Lujayn, Jalal’s wife and the most recent bride, though she had a two-year-old with Jalal, raised an eyebrow at Laylah. “But for a change it was Laylah who squeezed us for time.”

“Two days is not a squeeze,” Aliyah lamented. “It’s cruel.”

Maram laughed. “Talk about leaving it to the last moment, then wham.” She gave Laylah a shrewd look. “Don’t get me wrong, I’m all for making those impossible and impossibly luscious men sweat it. It can only do their overriding souls good. But you could have given us some advance notice so we could restart preparations discretely while he stewed—as he needed to.”

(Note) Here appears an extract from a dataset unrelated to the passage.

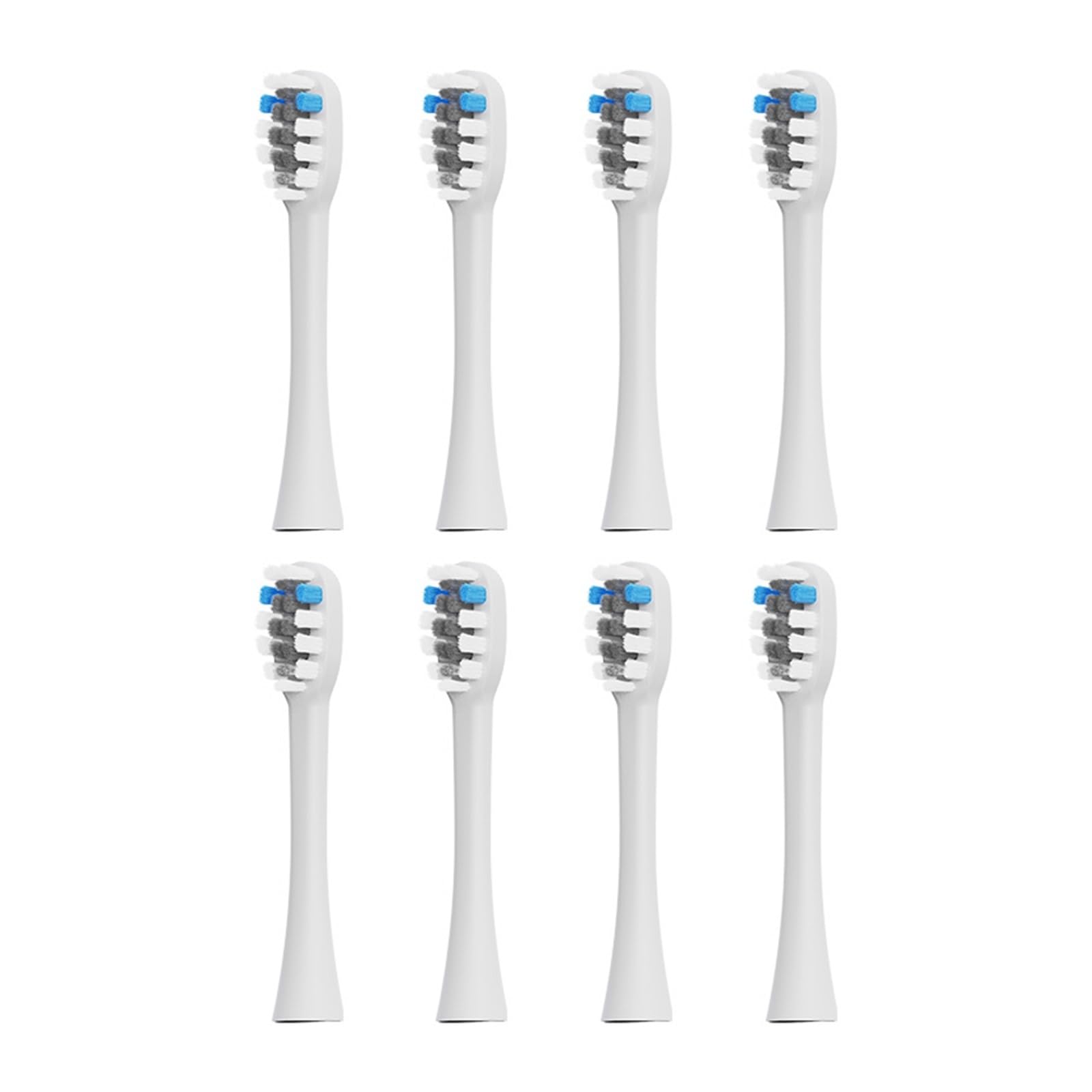 Cabezales 4pcs 8pcs, compatible con DOCOLAB, MT001 | Cabezales de repuesto para cepillo dental sónico eléctrico, boquillas(8pcs)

Laylah sighed, deciding to come clean. “I couldn’t really. Strictly between us please, ladies, but the pink strip only appeared yesterday.”

Gasps of delight echoed around her room, followed by cooing, if uncomfortable, congratulations. They could see she wasn’t happy about the pregnancy, that it made necessary a marriage she didn’t want.

All of the ladies had been in varied positions of reluctance during their weddings, too. But the problems and misunderstandings in their relationships had been resolved. Hers wouldn’t be.

From then on, the women did all they could to reinstate the cheerfulness of the proceedings and lift her spirits.

She cooperated, pretended interest as they talked color coordination, bridal procession dresses and table trimmings. She kept up her pretense until they took her around the royal palace of Azmahar, deciding decorations.